Progressive depth: Start with the deterministic grep scan (fast, high-signal), then escalate to contextual analysis (understanding whether flagged patterns are actually dangerous in context), then provide severity-classified output with fix suggestions.

Integration with existing tooling: The skill should check for and reference existing PHPCS/PHPStan configuration. If phpcs.xml.dist exists, note its configured text domain and prefix. If phpstan.neon exists, note its configured level. The review should complement — not duplicate — these automated tools.

What makes WordPress plugin review uniquely challenging

WordPress's architecture creates review challenges absent from typical PHP projects. The global function namespace means every plugin function risks collision. The hook system means security bugs can appear anywhere in the call chain — a filter callback that modifies data without sanitizing it may be called from a context that trusts its output. WordPress's "magic quotes" wrapping of superglobals means wp_unslash() must be called before sanitization. The is_admin() function is one of the most dangerous misleading APIs in the ecosystem — it checks request context, not user role, yet developers constantly use it for authorization.

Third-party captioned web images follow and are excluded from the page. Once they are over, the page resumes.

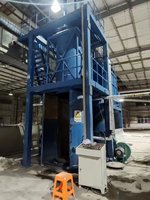 Ligne de production de mousse rebondie à triple station à haut rendement pour la fabrication de mousse cylindrique recyclée à partir d'éponge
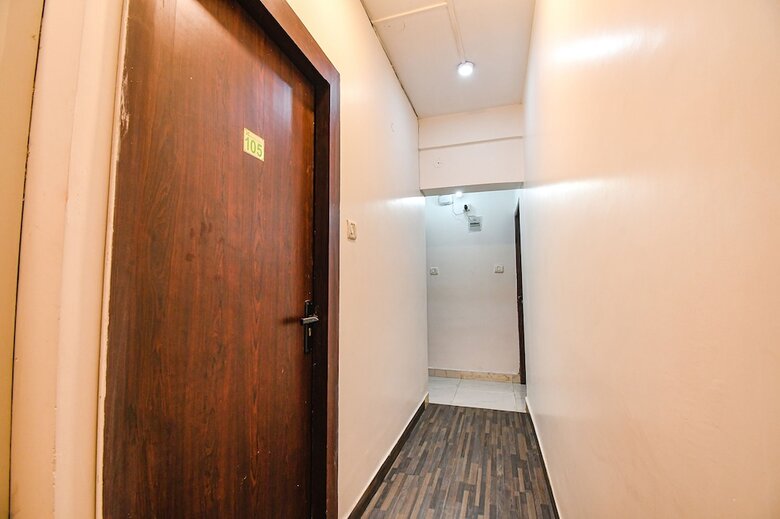 Fabhotel Green Leaf I
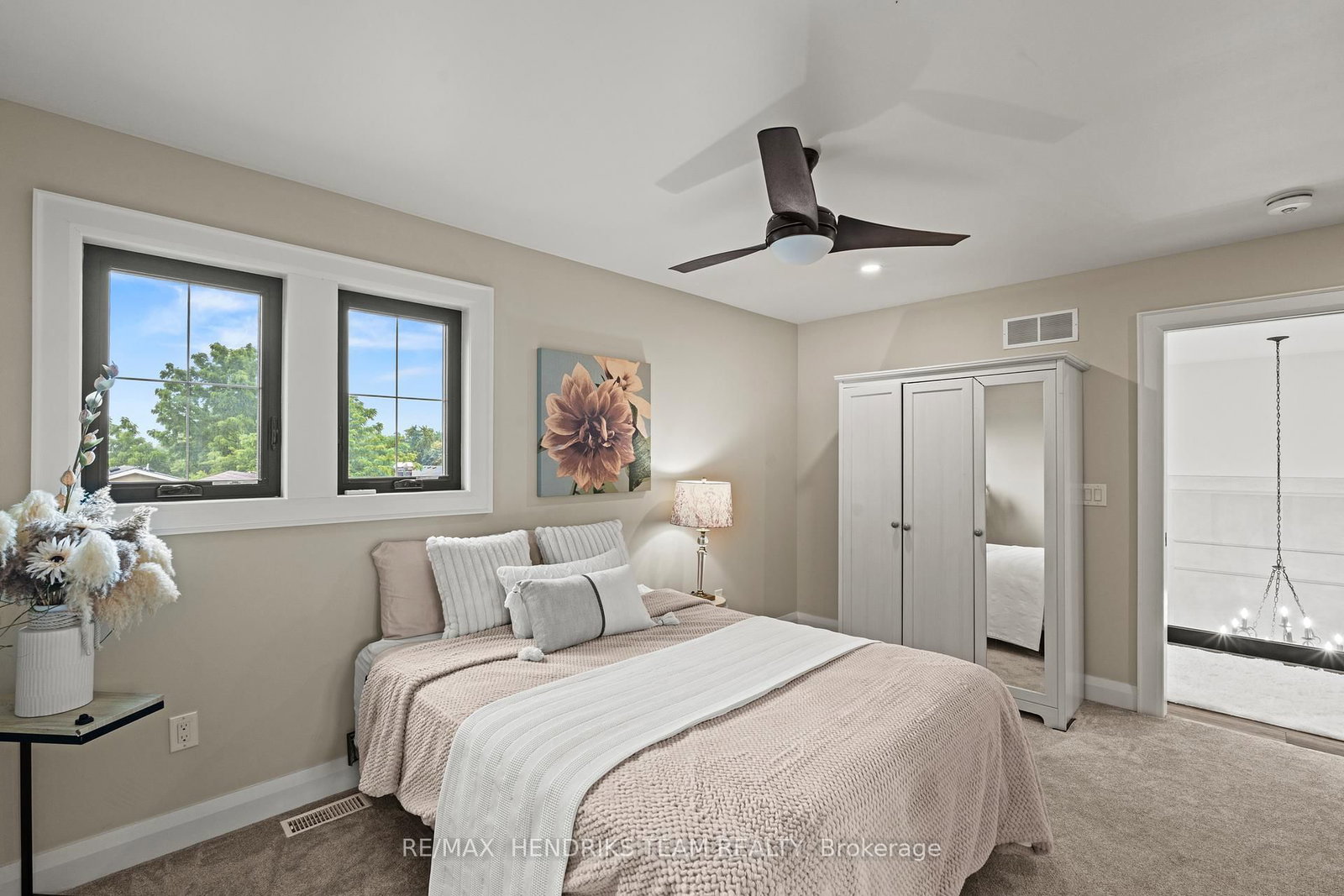 8 Stanmary Drive • St. Catharines, ON photo 24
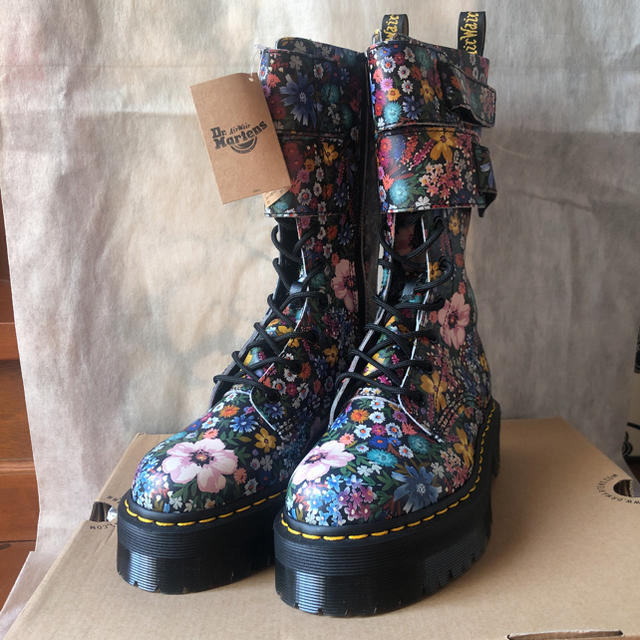 Dr.Martens(ドクターマーチン)のドクターマーチン 花柄ロングブーツ レディースの靴/シューズ(ブーツ)の商品写真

The add-on ecosystem adds another layer: changes to hook signatures, public method visibility, database schemas, or option key names can silently break third-party add-ons that the core plugin developer may not even know about. A good review skill must flag these as WARNING: Potential add-on breaking change whenever hooks, public APIs, or shared data structures are modified.

---

Conclusion

This research reveals three critical insights for building the Claude Code PR review skill. First, WordPress security review is fundamentally different from general PHP security review — the platform's unique functions (esc_html() vs htmlspecialchars(), $wpdb->prepare() vs PDO, wp_verify_nonce() for CSRF), its misleading APIs (is_admin()), and its global namespace architecture create a distinct vulnerability surface that requires WordPress-specific knowledge encoded in the skill's reference files.

Second, the highest-value review targets are the CRITICAL patterns: missing $wpdb->prepare(), unescaped output, missing capability checks on AJAX/REST handlers, and unserialize() on user data. These four patterns account for the vast majority of real-world WordPress CVEs from 2024–2025. A skill that reliably catches only these four categories would prevent most critical vulnerabilities.

Third, the skill architecture must balance LLM analysis with deterministic detection. Grep-based pattern matching catches dangerous function calls with near-zero false negatives; the LLM's contextual understanding then filters false positives (is this $_POST access actually sanitized two lines above?) and provides actionable fix suggestions. This "10% LLM steering, 90% deterministic execution" approach, recommended by experienced Claude Code skill builders, produces the most reliable reviews.

The complete reference material — vulnerability patterns, WPCS rules, backward compatibility matrices, add-on ecosystem contracts, and severity classification trees — should live in the skill's references/ directory for progressive loading, keeping the core SKILL.md under 500 lines and focused on the five-phase review workflow.